Is anyone familiar with a CV-writing firm, or other resources that could help me transform my professional American resume?

Many thanks!


----------



## bom dia lisbon (Aug 8, 2013)

If you need it to be in Portuguese, then you'll have to get someone to prepare it for you. Otherwise, in English, I find that I can use my "American" resume, with the addition of a photo. European CVs often include personal data such as date of birth, but it's up to you if you want to include that. I do find that a photo helps though  If you want an official euro CV format, look here: https://europass.cedefop.europa.eu/en/documents


----------



## _shel (Mar 2, 2014)

Thats funny because I always thought the inclusion of photos was an Asian thing? You wouldn't find it in the UK at all.


----------



## bom dia lisbon (Aug 8, 2013)

What can I say, it has worked for me. I guess they're impressed to see that I have beauty in addition to brains! 

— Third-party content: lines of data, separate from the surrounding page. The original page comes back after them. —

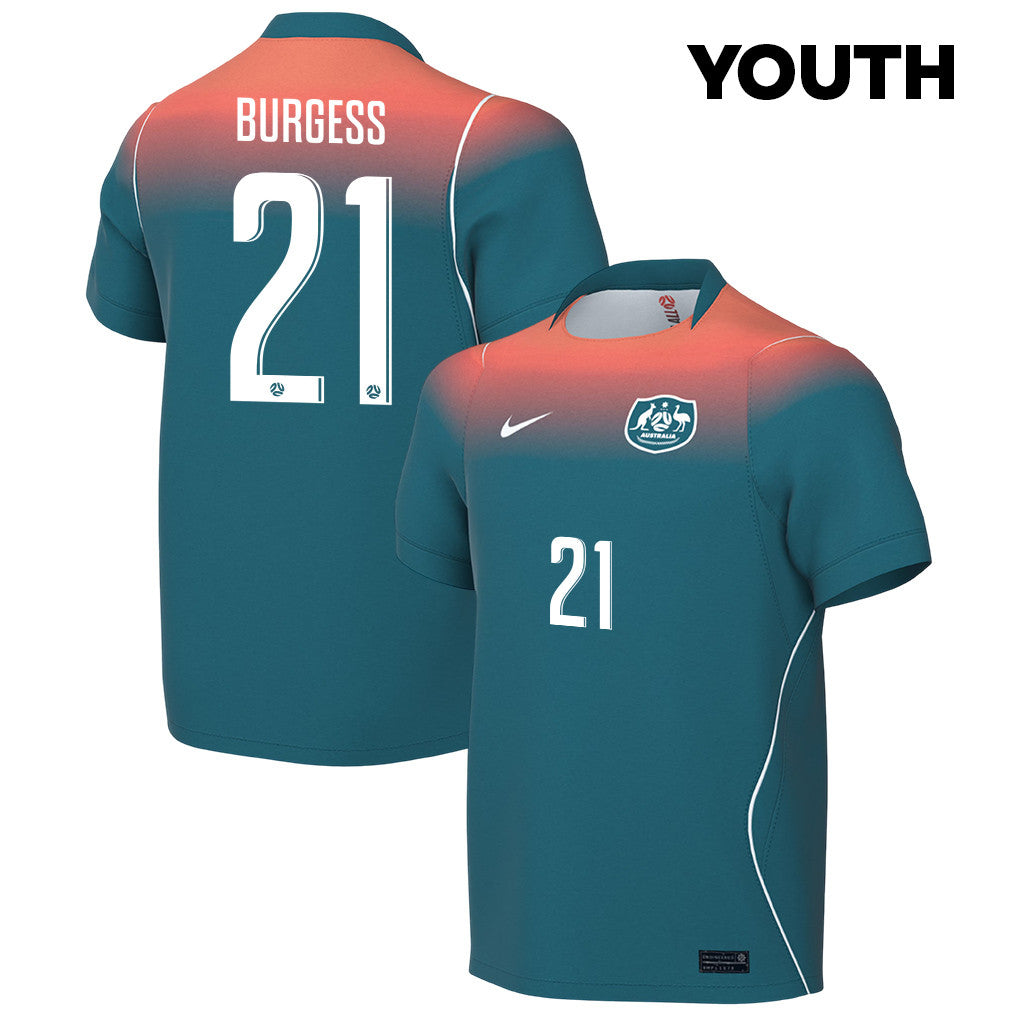 Cameron Burgess 21 Youth Australia National Team 2026 Away Jersey - Teal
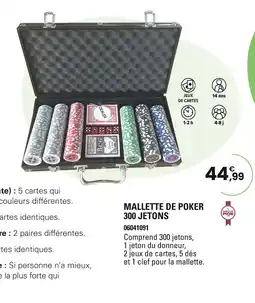 JouéClub Mallette de poker 300 jetons offre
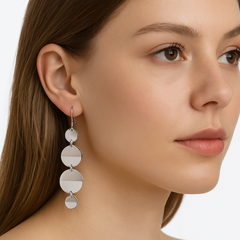 Arete Largo Circulos Lisos Hecho a Mano Plata .925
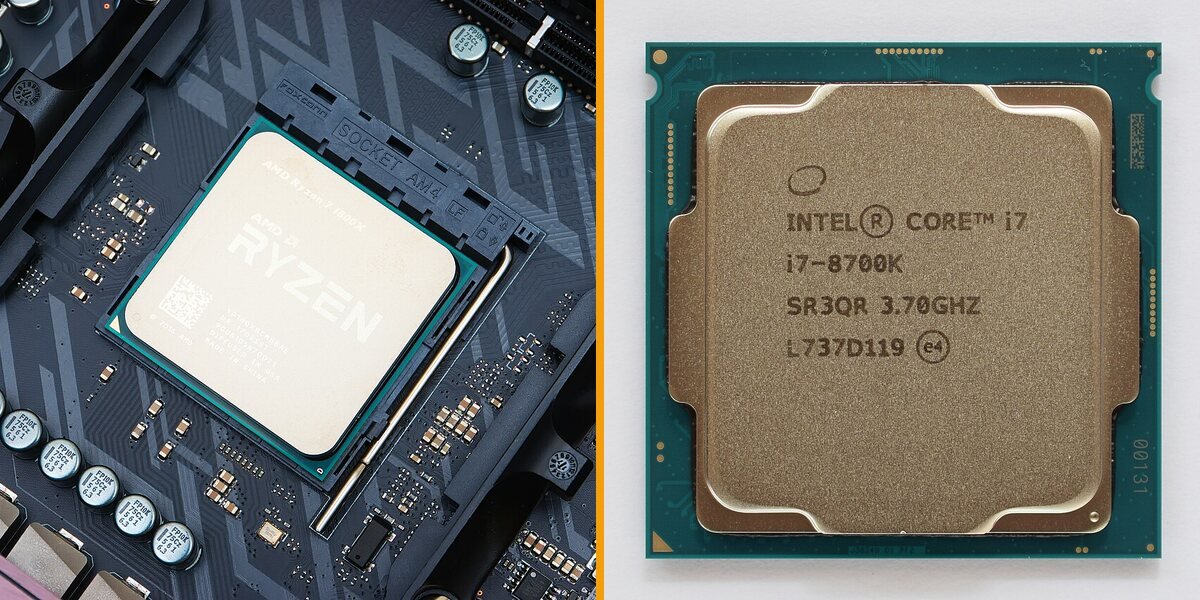 AMD Ryzen 7 and Intel Core i7 processors side by side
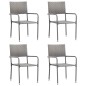 vidaXL Garten-Essstühle 4 Stk. Poly Rattan Anthrazit vidaXL Garten-Essstühle 4 Stk. Poly Rattan Anthrazit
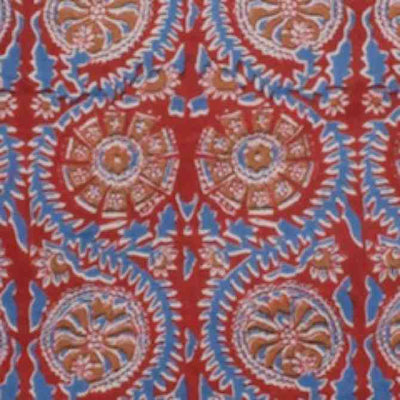 Red Sanganeri Inspired Screen Printed Fabric - SSEthnics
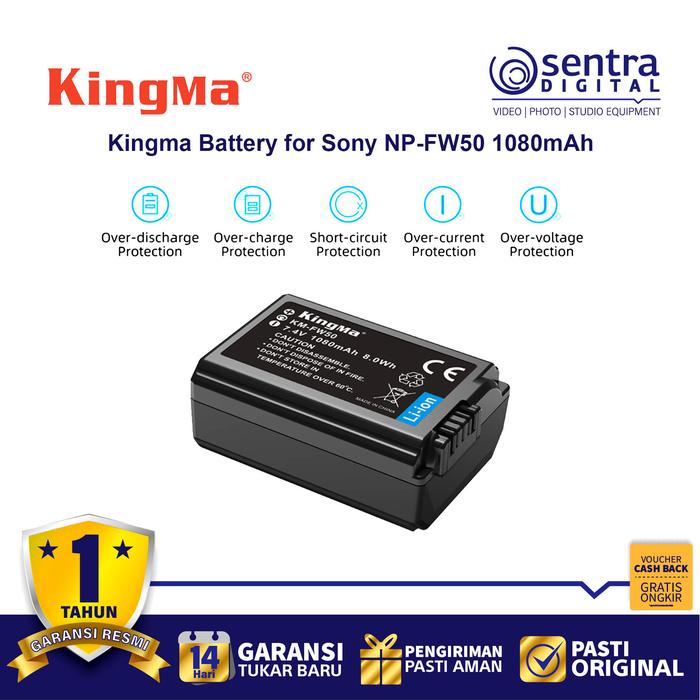 Gambar Kingma Battery Sony NP-FW50 for A6000 A6400 A7 II Zve10 dari Sentra Digital Kota Surabaya 5 Tokopedia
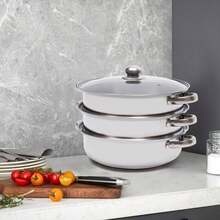 28cm/11in 3-Tier Stainless Steel Steamer Pot With Glass Lid, Silver Multi-Layer Steam Cookware, Dishwasher , Compatible With Induction And Gas Hobs For Home Cooking - View 4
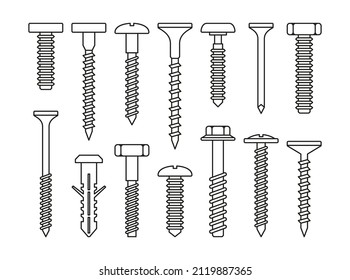 Fasteners, Bolt and Screws Set on White Background. Vector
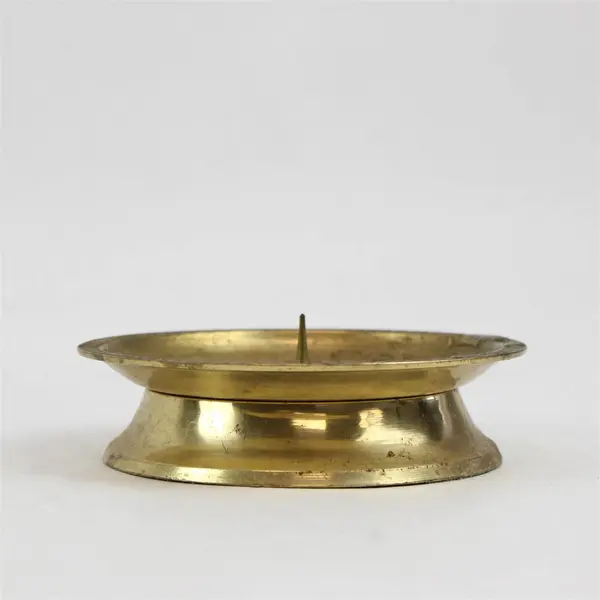 Vintage Brass Pedestal Bowl Candle Holder Floral Etched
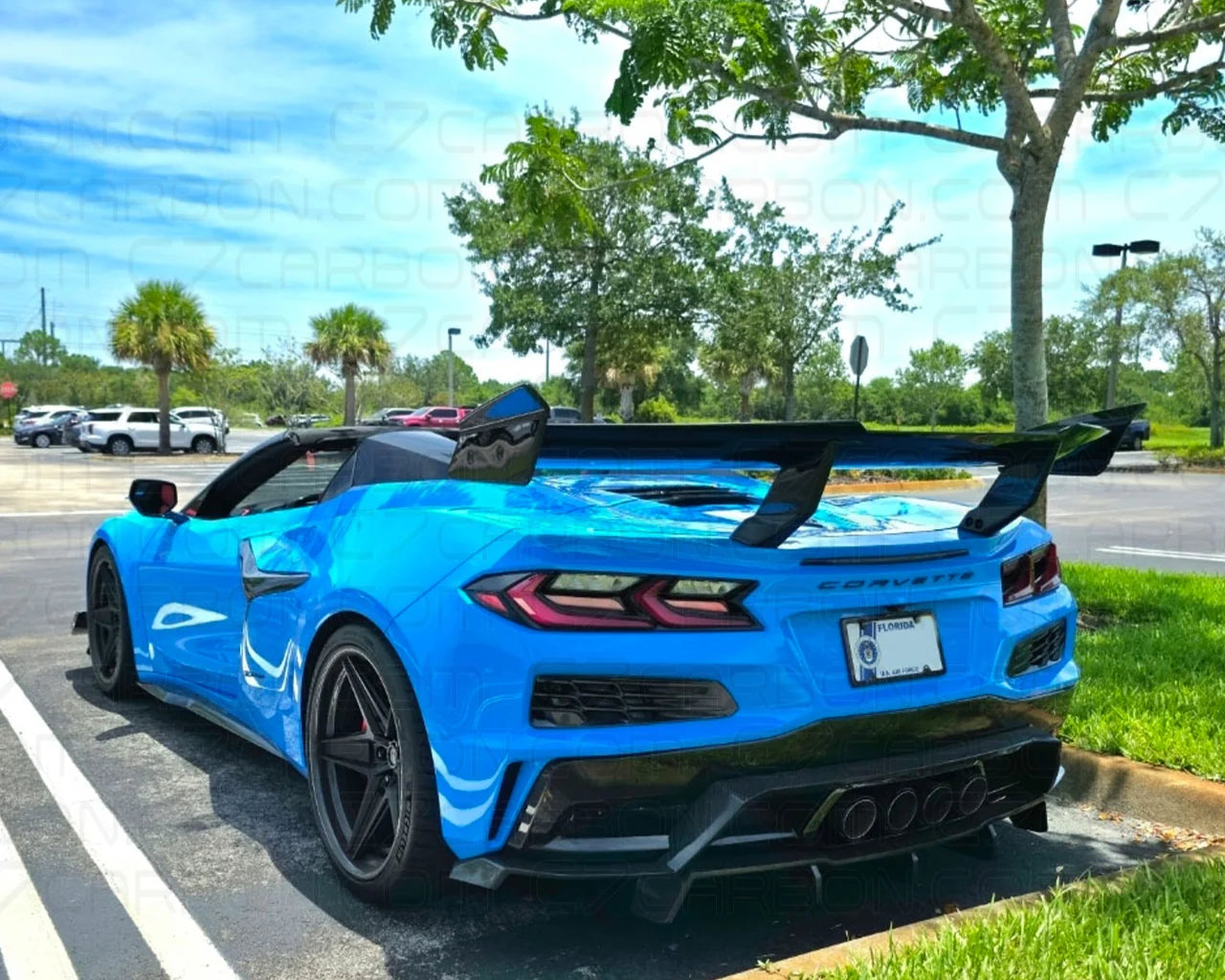 Rear Spoiler | Corvette C8 Z06/E-Ray/Zr1 (2023-2025) | ZR1 Style Chassis-Mount Carbon Fiber - DriveNova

But seriously, if you scan the want ads, you will find that a good number read "envie CV com fotografia."


----------



## _shel (Mar 2, 2014)

So if ugly, leave it off


----------



## paramonte (Sep 9, 2007)

there is an european style cv form to fill everywhere in the internet. However is is often criticized for the order of the items: academic degress coma below in the kist, and at least for the average pt taste, should come right after the holder´s ID.


----------